D’après les trajets effectués par les migrants et ces chiffres, il semble que la France, et l’Italie soient davantage des « pays de transit » vers d'autres destinations où se trouve leur famille et où les perspectives économiques sont jugées meilleures (Allemagne, Royaume-Uni, Suède).

C’est la raison pour laquelle on retrouve tant de migrants à Calais : chaque jour des centaines d'entre-eux tentent de prendre clandestinement le chemin du Royaume-Uni.

Que fait l’Union européenne ? Entre surveillance des frontières et aide au développement

Voici l’Europe de « Schengen ». C’est dans cette petite ville, que fut signée en 1990 la Convention créant une Europe sans frontières intérieures. La convention est complétée par la mise en commun des informations portant sur les mouvements migratoires en Europe et une coopération policière et judiciaire.

L’espace Schengen comprend aujourd’hui 26 pays. La suppression des frontières intérieures renforce donc le besoin de surveiller et de contrôler les frontières extérieures.

a. La protection des frontières de l'Union européenne

Ces frontières - qui représentent désormais pour l’Union européenne dans son ensemble, 48 000 km de côtes, 9 400 km de frontières terrestres et environ 460 aéroports, soit autant de points d’entrée possibles dans le territoire européen - sont surveillées depuis 2005 par une agence européenne baptisée Frontex. Elle assiste les États membres et mobilise des gardes-frontières européens appartenant à différents corps de police nationaux.

Lorsque les migrants sont sauvés de la noyade ou interceptés avant d’arriver en Europe, c’est, pour la grande majorité d’entre eux, grâce à l'opération "Mare Nostrum" lancé en octobre 2013 par la marine italienne après un nouveau drame ayant fait près de 400 morts. Cette opération a pris fin en novembre 2014.
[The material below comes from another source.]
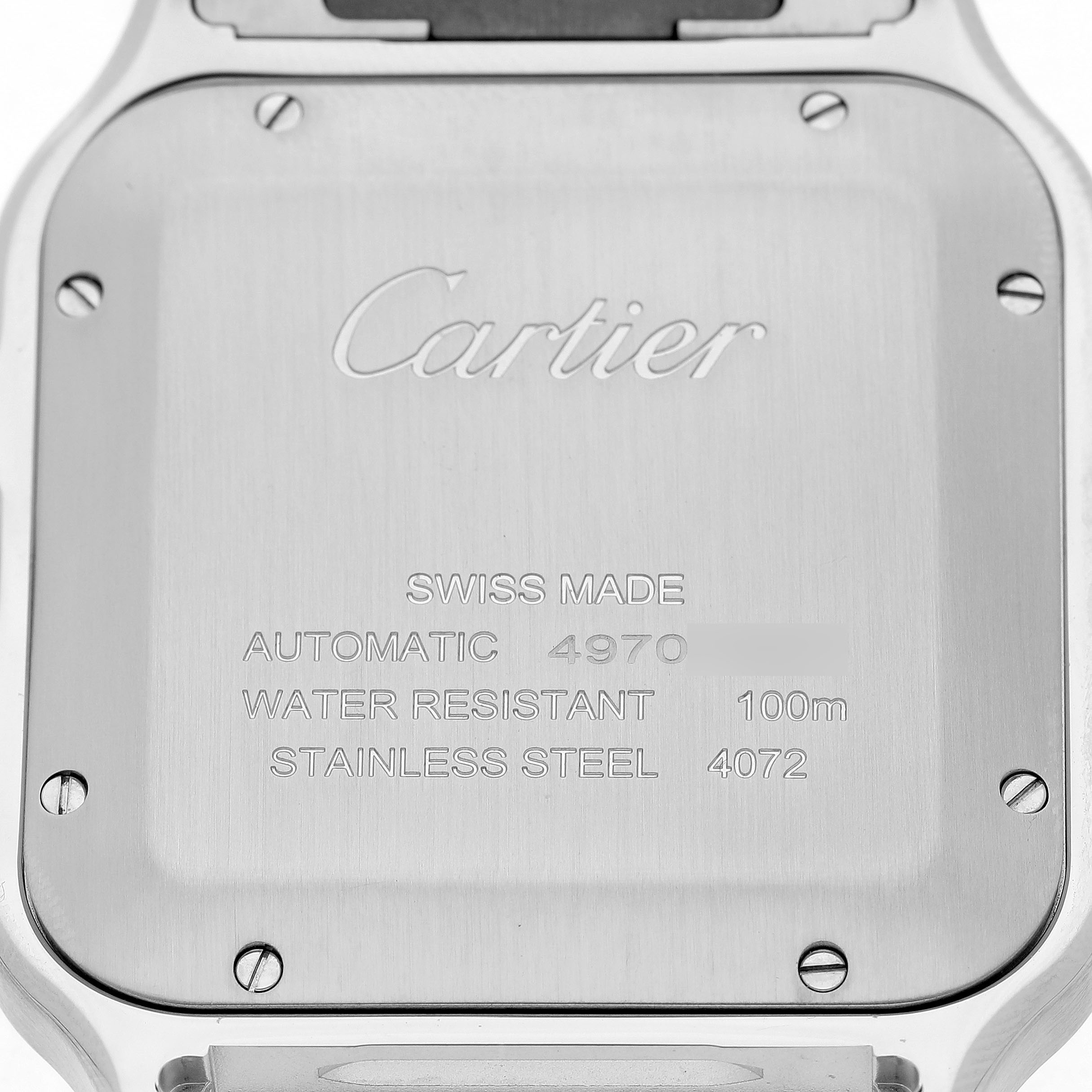 The image shows the back case of a Cartier Santos WSSA0062 Men's Stainless Steel Green Dial watch, displaying engraved specifications and branding details.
C’est maintenant l’opération « Triton » pilotée par l’agence Frontex et regroupant huit pays dont la France qui a pris le relais. Cependant, de nombreuses personnes craignent que, faute de moyens, les missions de sauvetage soient beaucoup moins nombreuses et que le risque de décès en mer continue d’augmenter.

b. L'Union européenne face à la crise des migrants

Face à l'ampleur des flux de réfugiés venant de Syrie, les pays de l'Union européenne doivent mettre en place des solutions communes et le plus pérennes possible.
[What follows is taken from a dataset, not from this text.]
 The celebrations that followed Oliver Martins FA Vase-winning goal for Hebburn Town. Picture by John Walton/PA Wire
Réunis le 14 septembre 2015, plusieurs Etats membres ont refusé la proposition de quotas de réfugiés répartis dans chaque pays membre. Lors du second Conseil  du 22 septembre le principe d’une répartition volontaire de 66 000 demandeurs d'asile de Grèce et d’Italie a été adopté à la majorité qualifiée prévue par les textes (la Hongrie, la Roumanie, la Slovaquie et la République tchèque ayant manifesté leur opposition). Pour autant, le sort de 54 000 réfugiés présents en Hongrie et pris en compte par la proposition de la Commission du 9 septembre est "réservé" pour une seconde phase du fait du refus de ce dernier pays de participer à l’accord.

Le 23 septembre 2015, les Chefs d’État et de Gouvernement ont validé l’idée d’une répartition volontaire en deux phases et sur deux ans de 120 000 demandeurs d’asile et se sont concentrés sur la question du contrôle des frontières extérieures et sur l’aide financière susceptible d’aider à une solution de la crise. La France s'est engagée à recevoir au total environs 30 000 réfugiés sur deux ans.
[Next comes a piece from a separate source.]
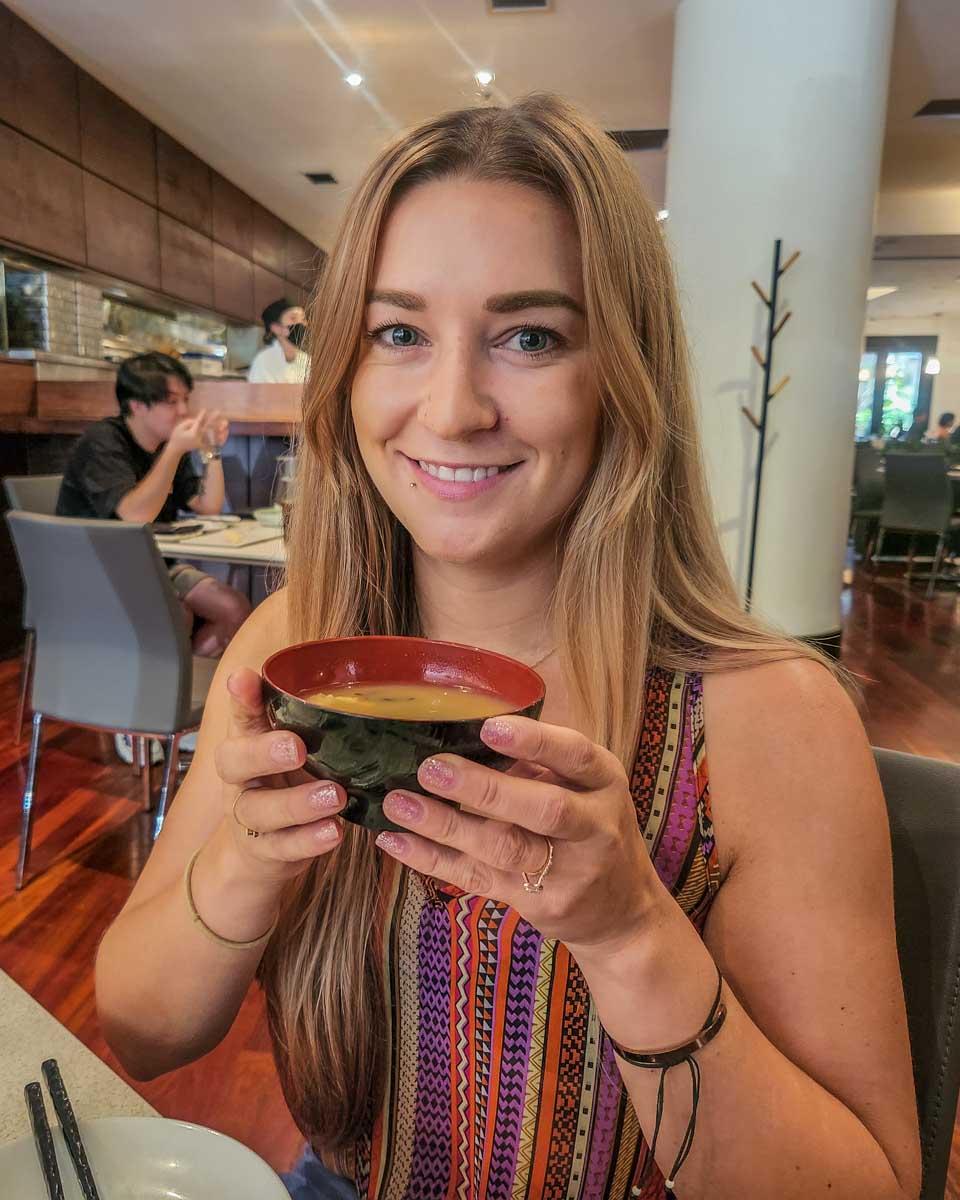 Bailey eats miso soup at Miku in Toronto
Le Sénat français conduit actuellement de nombreux travaux sur le sujet afin de mieux comprendre cette crise majeur et de pouvoir apporter des solutions aussi bien au niveau européen qu'au niveau des villes et territoires qui devront accueillir ces réfugiés.


c. La politique européenne de voisinage 

Enfin,  l’Union européenne développe une politique de développement et de contrôle avec les pays méditerranéen et voisins. C’est la Politique européenne de voisinage. En 2013, elle concerne seize pays.

L’objectif de cette politique est d’établir et de renforcer la coopération politique, juridique, sécuritaire, économique et culturelle entre l’Union européenne et ses voisins. Car, pour beaucoup, la solution à l’immigration clandestine de masse n’est pas le contrôle toujours plus strict des frontières - au point de parler « d’Europe forteresse » - mais l’aide au développement et à l’instauration de régimes politiques stables dans les pays d’origine des migrants.